LEONARD A. ADKERSON, ET AL., PLAINTIFFS,
v.
UNITED STATES OF AMERICA, DEFENDANT. MERRILYN BARKER, ET AL., PLAINTIFFS, V. UNITED STATES OF AMERICA, DEFENDANT.



The opinion of the court was delivered by: Patel, Chief Judge.

MEMORANDUM AND ORDER

In 1995, plaintiffs Leonard Adkerson, Merrilyn Barker and others (collectively "plaintiffs"), brought these actions against defendant United States of America ("government") alleging that the government collected tax penalties from plaintiffs under 26 U.S.C. § 6621 (c) without proper authority.*fn1 Now before the court is the government's motion for summary judgment. Having considered the parties arguments and submissions, and for the reasons set forth below, the court enters the following memorandum and order.

BACKGROUND

Gold Depository and Loan Company, Inc. ("GD & L") devised and operated a tax shelter called the Dry Cargo Marine Container Purchase Program ("GD & L program") under which a typical investor might buy $100,000 worth of marine cargo containers with just $4,000 down.*fn2 GD & L arranged for financing of the unpaid balance. GD & L advised investors that they could then take an investment tax credit of 10% or $10,000, as well as a depreciation deduction of $15,000, on their tax return for the year of investment.

As described in the court's memorandum and order of July 22, 1996 denying the government's motion to dismiss for failure to state a claim, plaintiffs were limited partners in either Sunshine Transportation Systems ("Sunshine"), Stanley Transport Services ("Stanley"), STS Trucking Service ("STS"), Shamrock Transport Service ("Shamrock"), H.V. Enterprises ("H.V."), or in a combination of these partnerships. Sunshine, Stanley, STS, and Shamrock (collectively "the trucking partnerships") were formed in 1982. H.V. was formed in 1983. Plaintiffs invested in the trucking partnerships and H.V. predominantly for economic profit rather than for tax savings.

Under the control of general partner Harold Coffin ("Coffin"), the trucking partnerships invested approximately half their funds in the GD & L program, with the understanding that GD & L would facilitate the trucking partnerships' purchase and lease of dry cargo marine containers.
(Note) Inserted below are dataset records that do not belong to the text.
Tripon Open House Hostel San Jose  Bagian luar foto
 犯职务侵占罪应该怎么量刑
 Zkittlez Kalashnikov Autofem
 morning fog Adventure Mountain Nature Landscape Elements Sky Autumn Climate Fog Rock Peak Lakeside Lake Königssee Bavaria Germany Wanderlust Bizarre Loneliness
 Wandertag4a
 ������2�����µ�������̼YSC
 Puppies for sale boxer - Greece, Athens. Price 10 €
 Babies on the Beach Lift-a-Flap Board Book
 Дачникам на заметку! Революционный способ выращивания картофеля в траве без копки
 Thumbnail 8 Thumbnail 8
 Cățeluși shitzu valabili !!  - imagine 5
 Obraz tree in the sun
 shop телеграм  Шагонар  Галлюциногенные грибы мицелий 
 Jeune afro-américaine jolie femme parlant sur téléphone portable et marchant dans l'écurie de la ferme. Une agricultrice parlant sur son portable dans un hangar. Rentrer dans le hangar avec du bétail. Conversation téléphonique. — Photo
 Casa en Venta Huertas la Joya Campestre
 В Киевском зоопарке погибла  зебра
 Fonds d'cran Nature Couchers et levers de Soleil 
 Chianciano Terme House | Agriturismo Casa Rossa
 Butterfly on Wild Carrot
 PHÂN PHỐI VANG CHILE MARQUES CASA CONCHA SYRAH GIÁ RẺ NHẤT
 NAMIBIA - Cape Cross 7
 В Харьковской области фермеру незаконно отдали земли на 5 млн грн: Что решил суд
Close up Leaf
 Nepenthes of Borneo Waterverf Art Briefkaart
The trucking partnerships invested the remaining portion of their funds in heavy trucks and trailers, a venture related to plaintiffs' goal of purchasing and leasing cargo containers. H.V. invested approximately half its funds in GD & L and half in a company that manufactured and sold tape recorders.

In their 1982 tax returns, plaintiffs who had invested in the trucking partnerships claimed tax credit and losses pursuant to information received from the trucking partnerships regarding investments in the GD & L program. Some of the plaintiffs carried back investment tax credits to 1979, 1980 and 1981. In their 1983 tax returns, those plaintiffs who invested in H.V. claimed tax credits and deductions pursuant to information received from H.V. regarding investments in the GD & L program. Some of these plaintiffs carries back investment tax credits to 1980, 1981 and 1982.

In 1984, pursuant to 26 U.S.C. § 6221, 6223, the Commissioner of the Internal Revenue Service ("I.R.S.") began an audit of the trucking partnerships. The next year, under the same authority, the I.R.S. began an audit of H.V. After discovering that the entire GD & L program was a fraud, namely because GD & L never purchased any cargo containers, the I.R.S. disallowed all the tax credits and many of the losses claimed by plaintiffs in connection with GD & L. The I.R.S. also assessed penalties pursuant to former Internal Revenue Code ("I.R.C.") section 6621(c), codified at 26 U.S.C. § 6621 (c).*fn3 In making the penalty assessments, the I.R.S. calculated interest on the disallowed credits and losses at the increased rate reserved for tax-motivated investments. Plaintiffs paid the penalties in full but thereafter filed claims with the I.R.S. for a refund of the payments. The I.R.S. denied those claims.

Plaintiffs admit that no dry cargo containers ever existed, but claim that they were victims of GD & L's fraud, not knowing participants. Plaintiffs contend that on Coffin's advice they invested in the trucking partnerships and H.V. in good faith, and only subsequently learned that the containers did not exist. As evidence of their good faith and profit motive, plaintiffs who invested in the trucking partnerships maintain that these partnerships actually purchased trucks and semi-trailers and operated a trucking business. These plaintiffs claim that this part of the trucking partnerships' business operated at a profit for approximately two years.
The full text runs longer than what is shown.